* [Data supplied]:
###
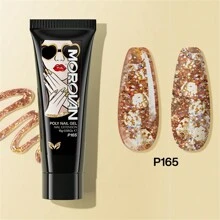 1入 Morovan Poly Gel Nail - 15毫升閃亮指甲油粘合劑指甲凝膠時尚美甲設計指甲延伸凝膠沙龍指甲容易自己在家裡做指甲藝術初學者和專業人士皆適用 - 彩色 - 查看 15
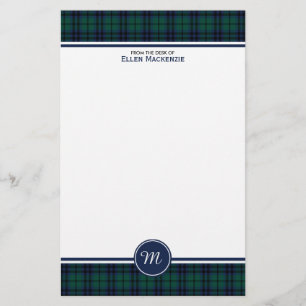 Papeterie Keith Clan Tartan moderne Monogramme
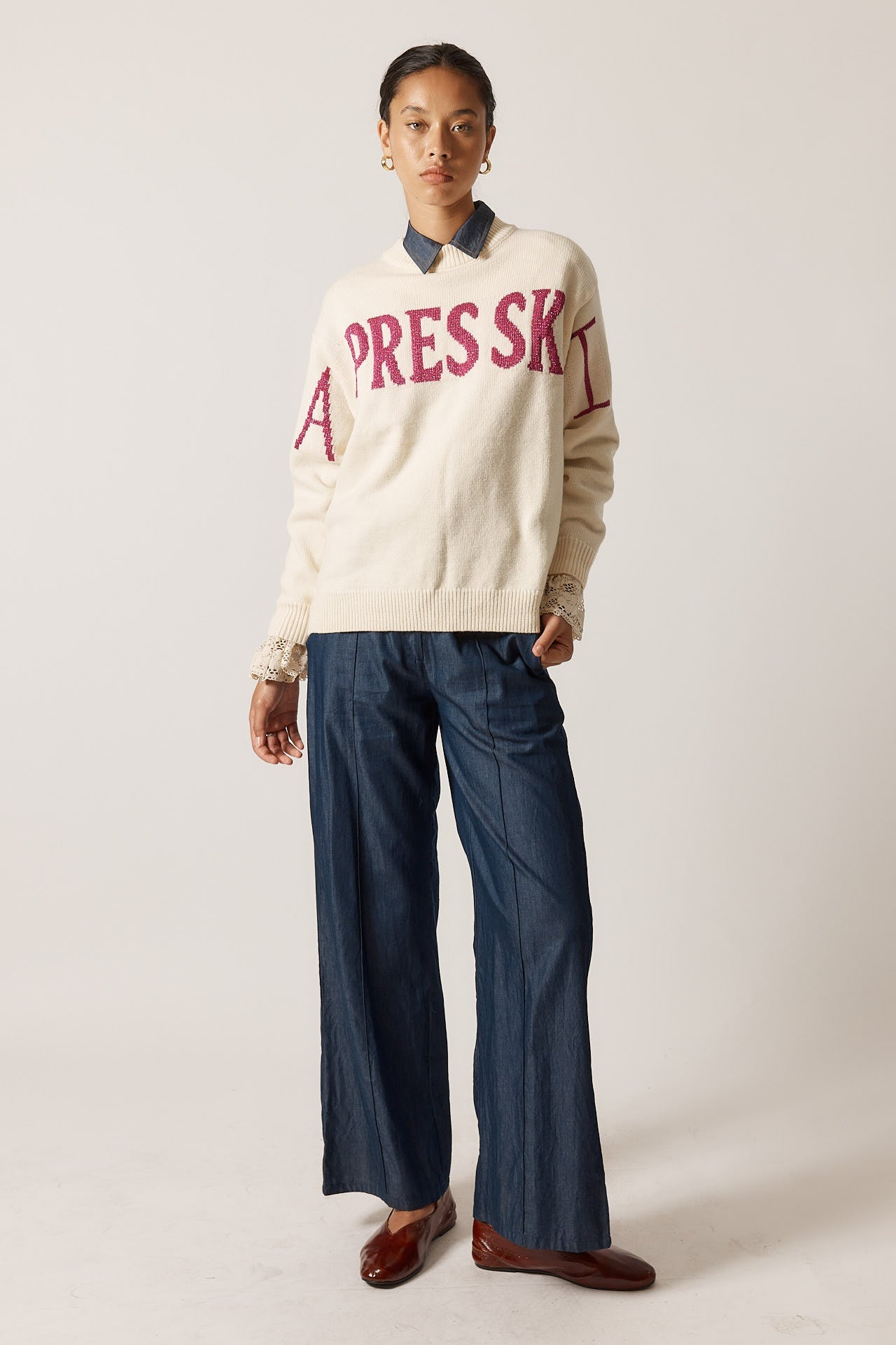 Rubyyaya Apres Ski Sweater (Cream)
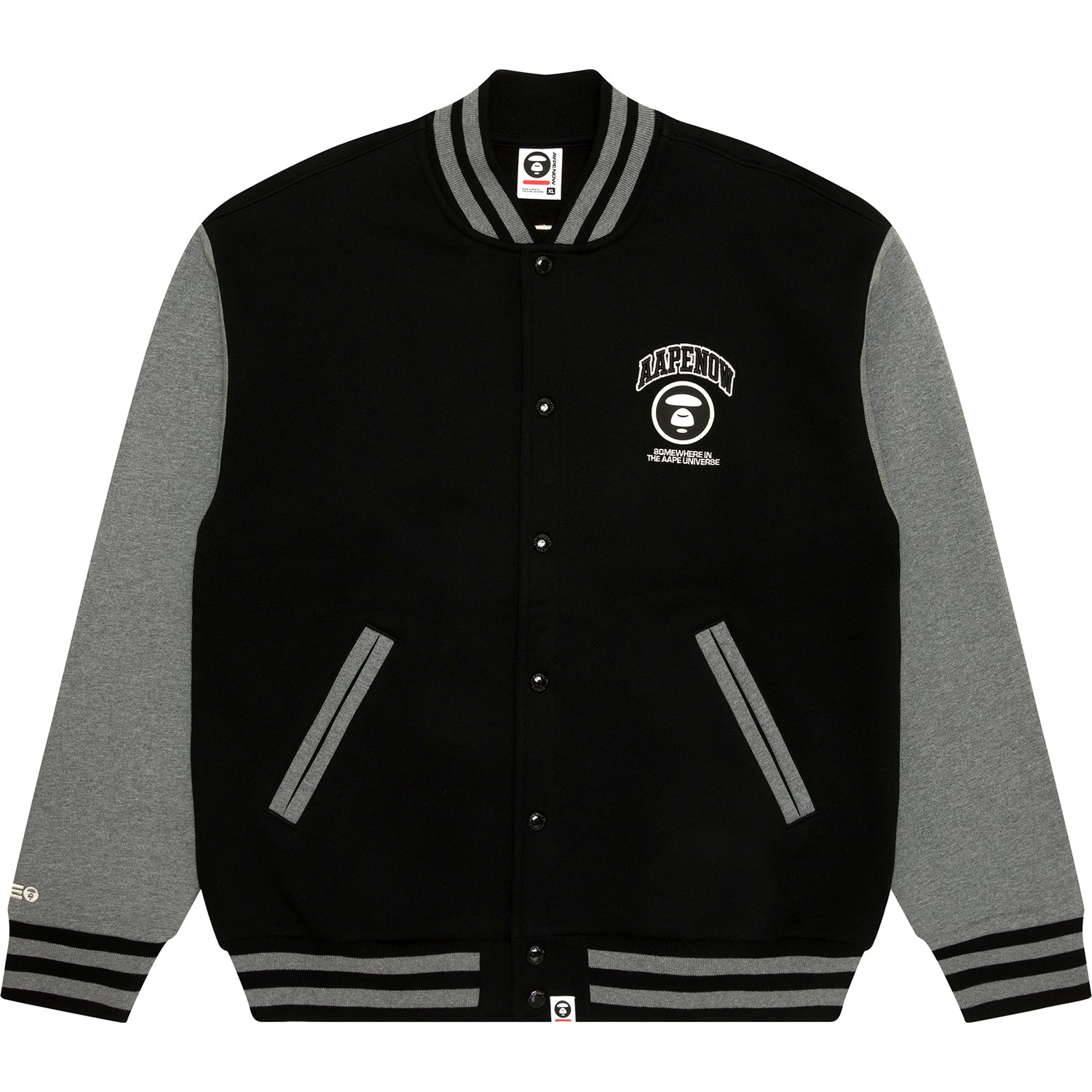 AAPENOW MOONFACE LOGO BASEBALL JACKET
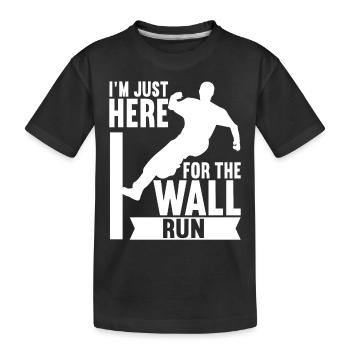 Parkour Freerunning - T-shirt bio Premium Enfant - noir - Devant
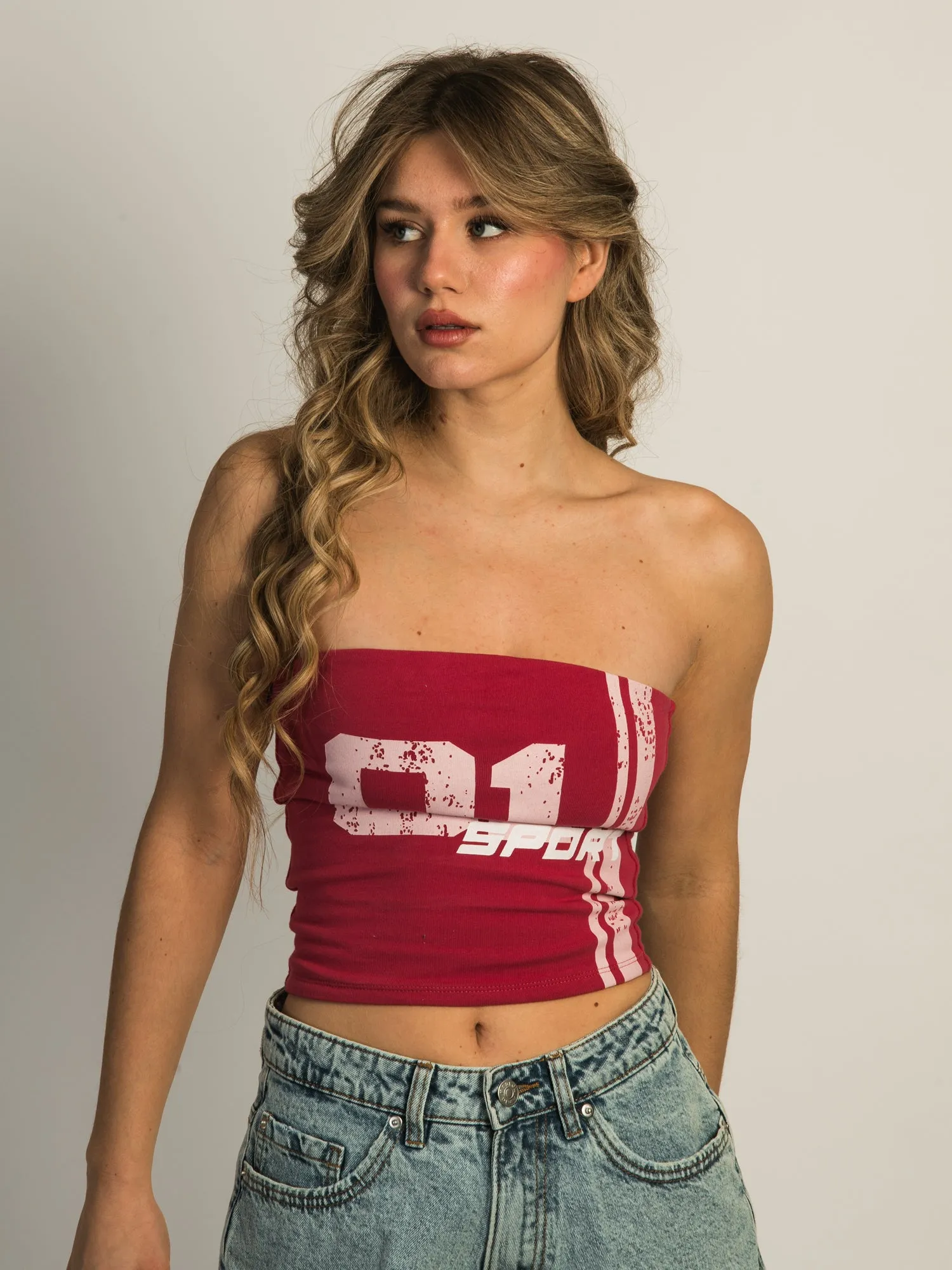 HARLOW BAILEY PRINT TUBE TOP - 01 SPORT sold by Boathouse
###
* [Try it]: Repeat the line containing "Parkour Freerunning - T-shirt" and every line after it up to the end of the material above, exactly as they stand, minus the pictures.

* [Your response]:
 Parkour Freerunning - T-shirt bio Premium Enfant - noir - Devant
 HARLOW BAILEY PRINT TUBE TOP - 01 SPORT sold by Boathouse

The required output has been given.